One of the things that has long fascinated me about David Lynch’s Dune is the cast. When I first saw it, back in seventh or eighth grade, I didn’t know who half the people were. Captain Picard, Agent Cooper, and Sting, sure—but I had no familiarity with Max von Sydow, and honestly that’s not terribly surprising. Not a lot of his movies were suitable for someone that age—while The Seventh Seal is an unexpectedly funny movie, it’s still not one exactly on a sixth-grade wavelength. So say what you will about Lynch’s take on the story, and honestly I rather like it, he at least assembled a spectacular cast.
There are a handful of truly iconic cinematic pairings, and von Sydow and Bergman is one of them. (One of a couple involving Bergman, honestly.) It’s one of those pairings where it’s hard to say exactly how either one’s career would have looked without the other. Certainly it seems unlikely that von Sydow would have become the international celebrity he was without having worked with Sweden’s best-known director. I’ve seen Swedish movies that weren’t Bergman movies, but I don’t think even most film buffs have, and the average American probably hasn’t even seen a Bergman film.

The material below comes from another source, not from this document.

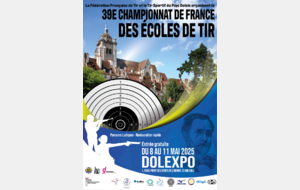 39 ième Championnat de France des Ecoles de Tir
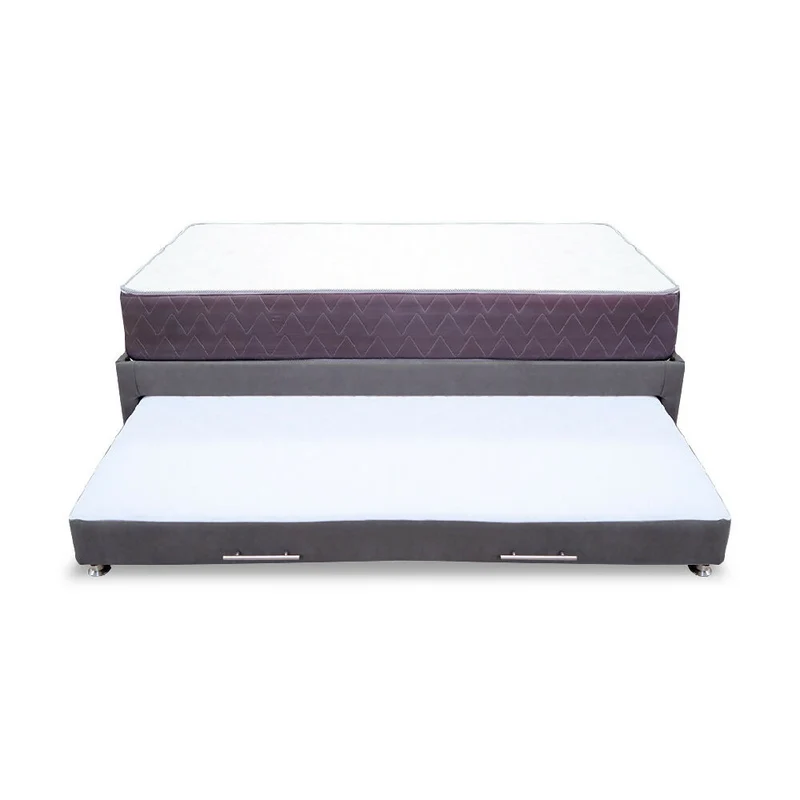 Combo Cama Tarima Nido Muller 120x190 Semidoble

Though of course you don’t actually have to have seen one to be familiar with Bergman’s visuals of von Sydow’s face. And I think it was von Sydow’s long, lean, haunted-looking face that fascinated people and helped create his international celebrity as well. He had intense eyes, the kind that seem made to stare into a person’s soul, and the filmmakers who used him best knew how to film those eyes—certainly they had been given quite clear examples in von Sydow’s Swedish films, so if they didn’t know, they had only themselves to blame.
None of which should be seen as dismissing his own obvious talent, of course. He’s another person who has played an astonishingly wide array of roles—everything from Jesus to Leland Gaunt, that latter being a Stephen King take on the Devil, of course. The actual devil, in an animated film. A Pope or two. A few characters listed only as “Vicar.” The Emperor Ming and the Imperial Planetologist Kynes. Blofeld. And of course Father Merrin; there was something about von Sydow that made people think “clergyman,” obviously. He played an archbishop on The Tudors and was on Game of Thrones. He did Star Wars and Woody Allen and Bob and Doug McKenzie, and Gods love him for it.
Into every long career comes at least one or two turkeys, of course, and while he was the best part of Extremely Loud and Incredibly Close, it was awfully depressing that he was there and not doing something better. He and Christopher Plummer were both up for “long career” Oscars that year, it felt, and Plummer edged him out probably by being in a better movie. It’s a shame. Max von Sydow had a long and impressive career, in multiple languages, and his last film is listed as being in post-production. Let’s hope it was worthy of him.